## Problem requirements
Copy out the entries that follow exactly, leaving every picture behind.
....
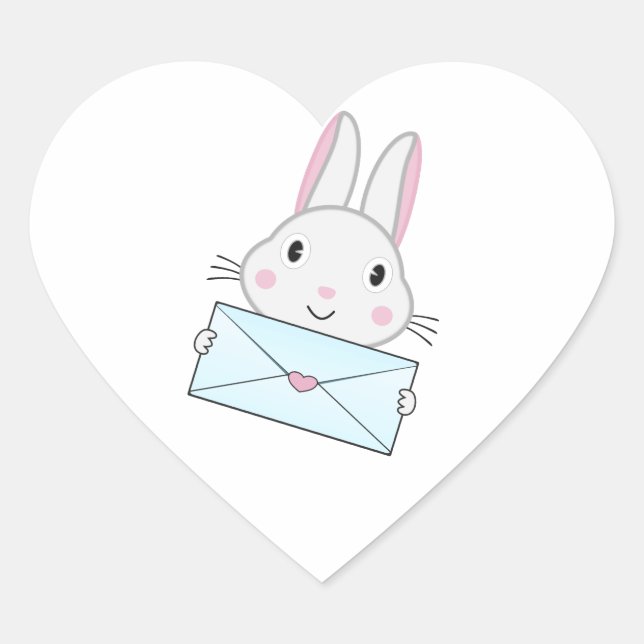 Cute and lovely Bunny holding Love Letter Heart Sticker (Front)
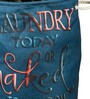 Teal Blue Polyester Slub 50 Ltr (1Pc) Laundry Basket with Lid
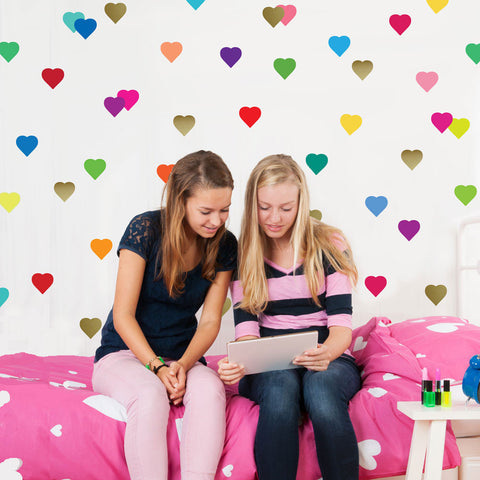 36 Rainbow Heart and 35 Gold Metallic Heart Wall Decals - Wall Dressed Up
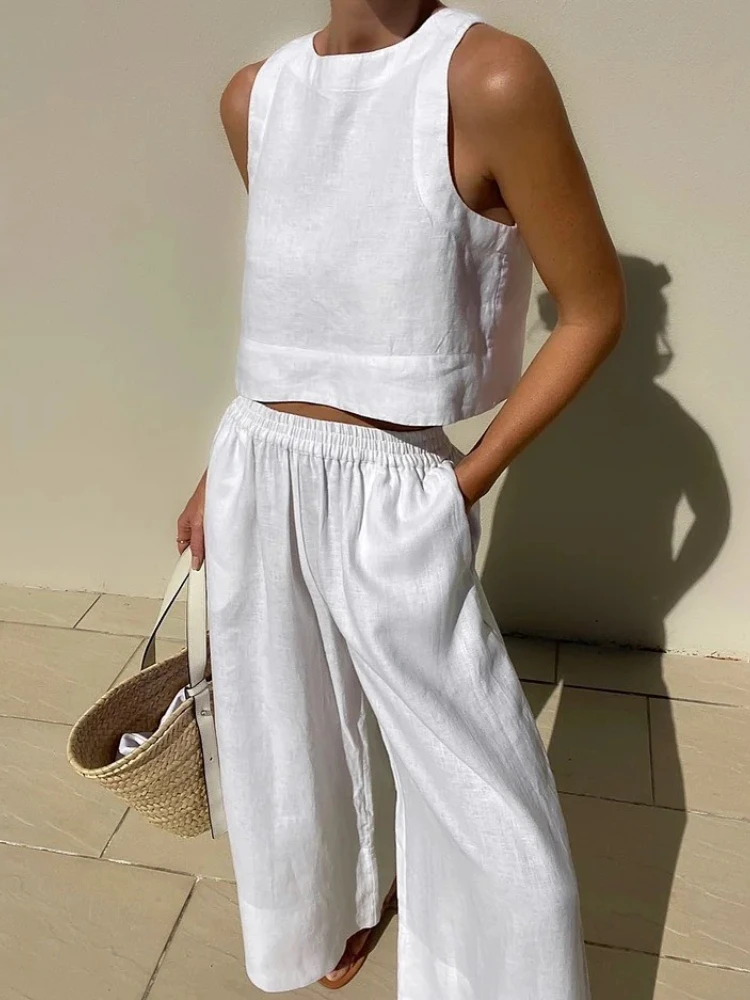 2024 Summer Fashion New Women\'s Cotton and Hemp Set Round Neck Sleeveless Shirt Tie Waist Wide Leg Pants Sports Two Piece Set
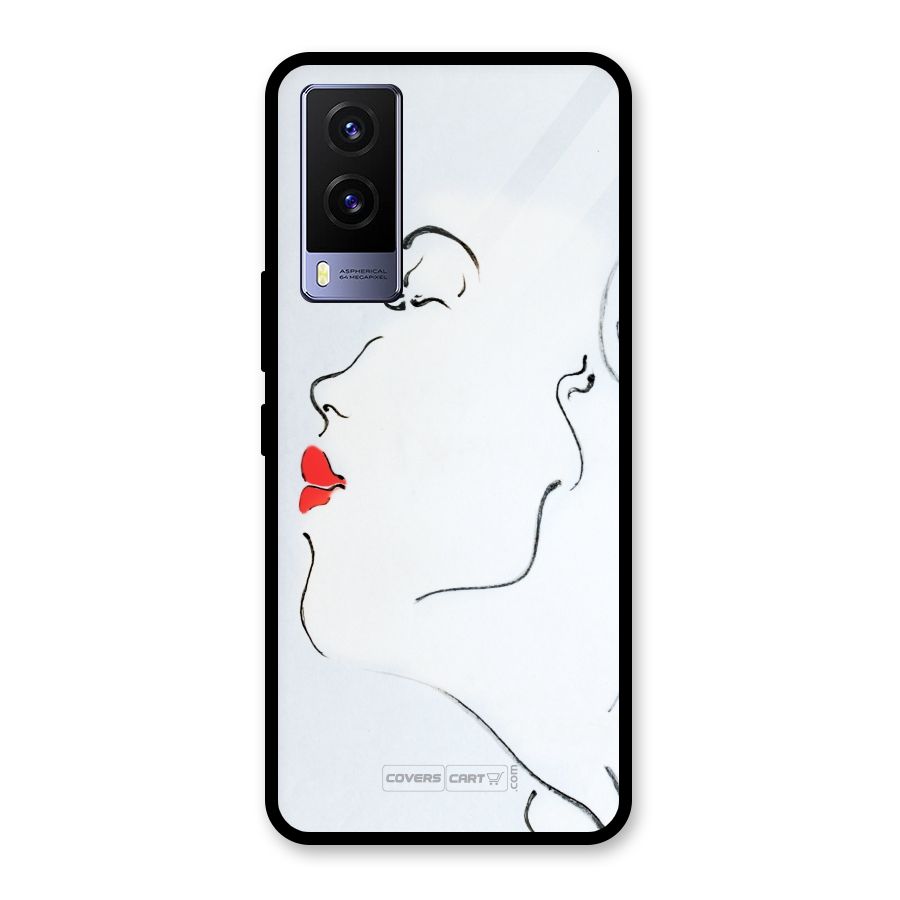 Girl in Red Lipstick Glass Back Case for Vivo V21e 5G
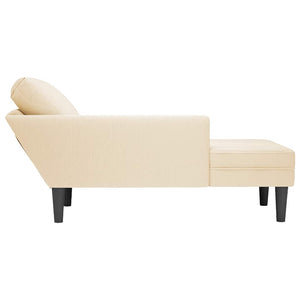 Creme Cord Chaiselongue mit Kissen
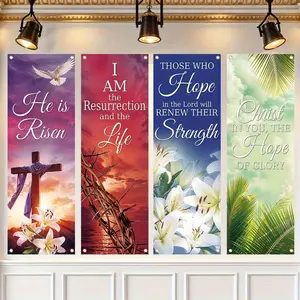 Easter Theme Backdrop Banner, 4 Counts/set Easter Church Banner, Suitable for Church Sanctuary Walls, Celebrations, Gifts, and Home Wall Decorations
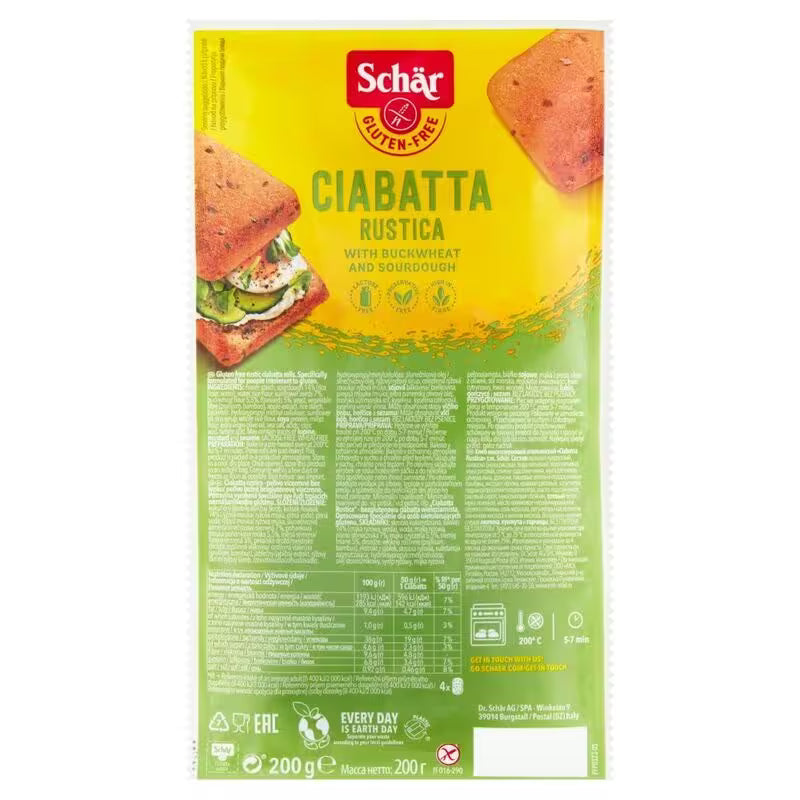 Pečivo Ciabatta Rustica bezlepková 200g Schär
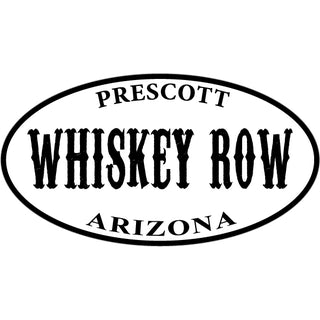 Prescott Arizona   Whiskey Row Euro Black and White Sticker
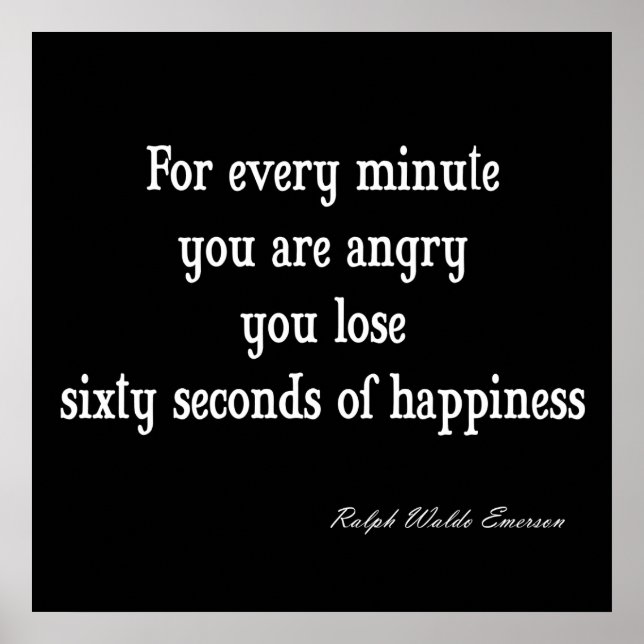 Vintages Emerson Inspirational Happy Zitat Poster (Vorne)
....
## Exercise response
 Cute and lovely Bunny holding Love Letter Heart Sticker (Front)
 Teal Blue Polyester Slub 50 Ltr (1Pc) Laundry Basket with Lid
 36 Rainbow Heart and 35 Gold Metallic Heart Wall Decals - Wall Dressed Up
 2024 Summer Fashion New Women\'s Cotton and Hemp Set Round Neck Sleeveless Shirt Tie Waist Wide Leg Pants Sports Two Piece Set
 Girl in Red Lipstick Glass Back Case for Vivo V21e 5G
 Creme Cord Chaiselongue mit Kissen
 Easter Theme Backdrop Banner, 4 Counts/set Easter Church Banner, Suitable for Church Sanctuary Walls, Celebrations, Gifts, and Home Wall Decorations
 Pečivo Ciabatta Rustica bezlepková 200g Schär
 Prescott Arizona   Whiskey Row Euro Black and White Sticker
 Vintages Emerson Inspirational Happy Zitat Poster (Vorne)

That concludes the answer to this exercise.